Ramji Gond may have been executed around September 17, 1860.

The Revolt

Adilabad District Gazetteer (1976) provides information on the earlier victories of Ramji Gond as:
"In the districts there were many spots where violent anti-British feelings existed. Of the insurrections, the one relevant to Adilabad district was by the Rohillas, who called themselves the adherents of Nana Saheb Peshwa. This insurrection synchronised with the events happening in north India. A number of soldiers, mainly Rohillas, who were disbanded from military service in the north, infiltrated into the Deccan. They were soon joined by the disaffected elements. the Gonds under the leadership of Ramji Gond. To suppress the revolt, all possible measures including the marching of contingent troops, calling in of the 47th Regiment N.I. (North India) forming part of the Bellary column and the posting of a detachment of the subsidiary force under Col Roberts at 'Hingolee' were undertaken. For nearly two years, ie, till AD 1860, this uprising of the Rohillas and the Gonds continued."

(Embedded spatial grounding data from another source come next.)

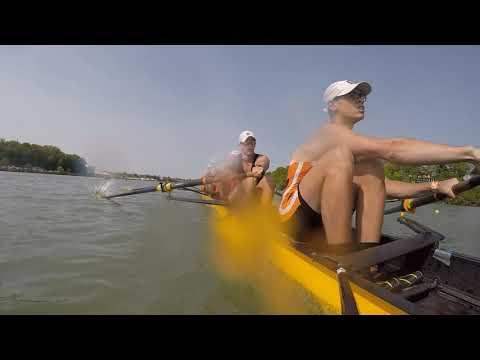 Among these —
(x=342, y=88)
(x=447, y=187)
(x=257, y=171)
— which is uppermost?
(x=342, y=88)

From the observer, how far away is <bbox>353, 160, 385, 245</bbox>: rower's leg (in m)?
2.54

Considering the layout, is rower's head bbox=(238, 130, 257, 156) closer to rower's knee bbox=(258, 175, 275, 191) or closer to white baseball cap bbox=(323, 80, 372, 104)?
rower's knee bbox=(258, 175, 275, 191)

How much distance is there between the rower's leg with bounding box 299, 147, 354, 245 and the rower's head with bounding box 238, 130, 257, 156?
4.16 m

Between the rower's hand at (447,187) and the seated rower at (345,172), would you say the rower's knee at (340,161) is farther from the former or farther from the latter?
the rower's hand at (447,187)

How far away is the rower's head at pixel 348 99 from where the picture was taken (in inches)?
104

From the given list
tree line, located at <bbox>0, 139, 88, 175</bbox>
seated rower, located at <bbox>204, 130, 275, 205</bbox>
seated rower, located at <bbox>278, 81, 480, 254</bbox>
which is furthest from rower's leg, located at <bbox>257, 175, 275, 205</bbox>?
tree line, located at <bbox>0, 139, 88, 175</bbox>

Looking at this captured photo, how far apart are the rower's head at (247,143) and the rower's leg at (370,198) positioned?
4.18 metres

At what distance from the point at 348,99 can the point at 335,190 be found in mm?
956

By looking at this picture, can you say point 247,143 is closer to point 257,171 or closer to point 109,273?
point 257,171

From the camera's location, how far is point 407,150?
7.30 ft

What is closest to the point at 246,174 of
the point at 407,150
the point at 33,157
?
the point at 407,150

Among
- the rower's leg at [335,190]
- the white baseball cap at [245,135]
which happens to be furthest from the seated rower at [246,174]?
the rower's leg at [335,190] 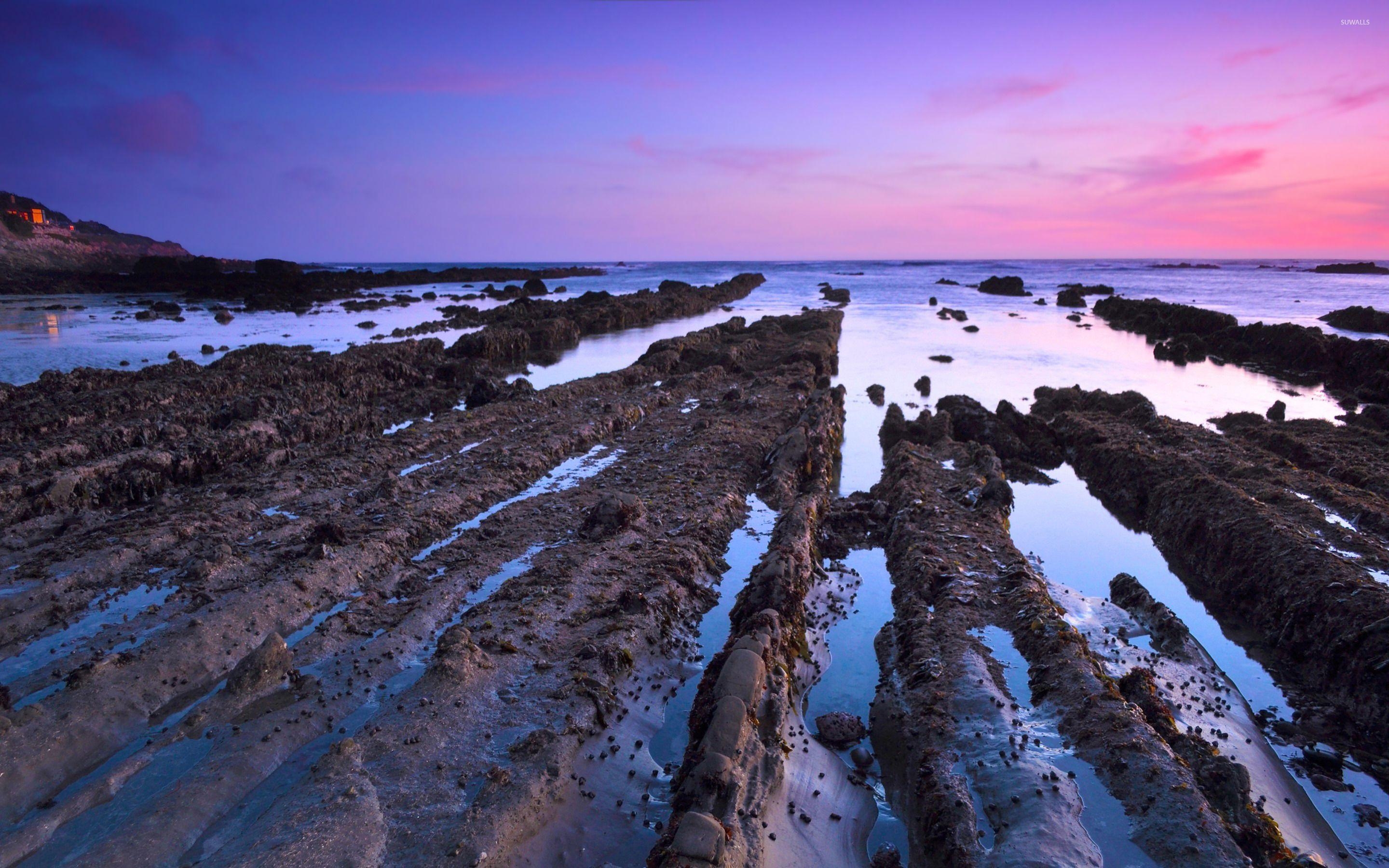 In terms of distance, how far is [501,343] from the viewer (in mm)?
26359

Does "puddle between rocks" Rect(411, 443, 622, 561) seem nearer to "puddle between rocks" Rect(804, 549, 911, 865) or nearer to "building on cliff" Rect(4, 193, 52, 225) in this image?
"puddle between rocks" Rect(804, 549, 911, 865)

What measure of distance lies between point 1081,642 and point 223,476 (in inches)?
484

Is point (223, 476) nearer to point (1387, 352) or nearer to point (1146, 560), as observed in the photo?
point (1146, 560)

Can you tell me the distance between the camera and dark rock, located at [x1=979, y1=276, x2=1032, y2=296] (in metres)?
65.6

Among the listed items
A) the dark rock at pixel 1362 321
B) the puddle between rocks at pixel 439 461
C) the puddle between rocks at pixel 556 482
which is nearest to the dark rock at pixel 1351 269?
the dark rock at pixel 1362 321

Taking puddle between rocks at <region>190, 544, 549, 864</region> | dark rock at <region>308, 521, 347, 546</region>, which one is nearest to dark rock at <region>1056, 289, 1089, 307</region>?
puddle between rocks at <region>190, 544, 549, 864</region>

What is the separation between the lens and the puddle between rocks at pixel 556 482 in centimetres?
912

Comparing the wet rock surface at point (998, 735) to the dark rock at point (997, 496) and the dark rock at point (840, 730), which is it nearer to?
the dark rock at point (840, 730)

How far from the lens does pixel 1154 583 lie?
29.4 feet

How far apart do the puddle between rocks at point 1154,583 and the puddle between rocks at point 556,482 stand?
23.1 ft

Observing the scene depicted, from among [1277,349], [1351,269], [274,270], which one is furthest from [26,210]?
[1351,269]

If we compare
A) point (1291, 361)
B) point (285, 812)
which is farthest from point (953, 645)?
point (1291, 361)

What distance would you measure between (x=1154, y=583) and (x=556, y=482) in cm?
895

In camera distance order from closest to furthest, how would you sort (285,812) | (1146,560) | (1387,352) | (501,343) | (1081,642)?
(285,812)
(1081,642)
(1146,560)
(1387,352)
(501,343) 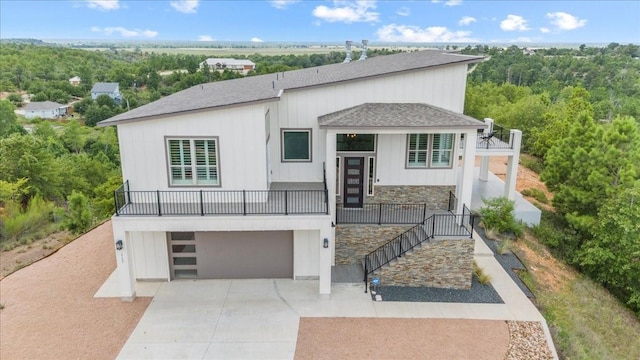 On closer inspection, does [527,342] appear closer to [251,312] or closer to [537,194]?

The account of the attack led by the Collector of Nirmal against the band of Rohillas, Gonds and Deccanis has been pieced together from the correspondence in the files preserved in the Central Records Office, Hyderabad (now State Archives, Government of Telangana) by The Hyderabad State Committee appointed for compilation of a history of the freedom movement in Hyderabad in 1956 as follow:
". on Sunday last week after 4 am (it was discerned to be 1st April 1860) the Collector received information that Ramji and other rioters were sheltering near a mountain at a distance of 15 kuroh (from Nirmal) and four kuroh from the road. The place where the enemy had camped was not easily accessible. The position was that two persons could hardly pass side by side and even daily necessities like food and water were not available there. With a sense of loyalty, he (the Collector) proceeded with the available force. Suffering untold hardships he came to where the hostile forces were put up at mid-day and attacked them. At first, firing was exchanged for some time which was later on followed by sword-fighting. The number of persons killed on the enemy's side was not known. The rebels consisted of about 200 Rohillas and 300 Gonds and Deccanees. Many of the rebels after being wounded took to their heels. Thirty dead bodies of the rebel Rohillas and others were found. Some Jamadars of their force identified the dead body of Miyan Saheb Khurd, a chief of the Rohillas, who came from Narayankhed. A Sarkheel of the Gonds, whose name was not known, was also killed in this encounter. A large number of rebels were wounded. At first they thought of hanging down the dead bodies of the Rohillas on trees in the neighbourhood but later the plan was abandoned lest it might hurt the sentiments of the Rohillas of their force".

(The Freedom Struggle in Hyderabad, Vol. II (1857-1885. Pages 155-157)

Banyan of Nooses

Legends say that about a thousand Gond revolutionaries were hanged to the trunks of a banyan tree on the outskirts of Nirmal, which came to be known as 'Banyan of Nooses' (fell down a decade ago).

As regards the casualties on the government side, a Sikh belonging to the force of the Second Ziladar, Warangal, and an Arab belonging to Saif-ud-daula's group posted at Nirmal, were killed by the Gond and Rohilla revolutionaries. A Dafedar of the Sikh force, an Arab, two Sindhi Jawans and one other servant were wounded.

A Sowar named Ghulam Ali Khan, who accompanied the Collector's batch in the hope of getting some job, was also killed. The batch got the horse of Haji Ali Nusrath, who, as a result of wounds, dropped down from the horse and escaped. Though the Collector's army succeeded in rounding up the rebels, their chieftain Ramji escaped.

The British Resident appreciated the services of the Taluqdar and directed the arrest of Ramji. Fatheh Ali Khan, Thanedar of Chinnur, was deputed for the assistance of the Thanedar of Edlabad. However, he appears to have taken action against the rioters as promised by the British Resident at Hyderabad in his Letter No. 155, dated April 9, 1860.

Ramji Gond was eventually arrested, tried and hanged at Nirmal. Ramji Gond in part inspired the later actions of Kumram Bheem.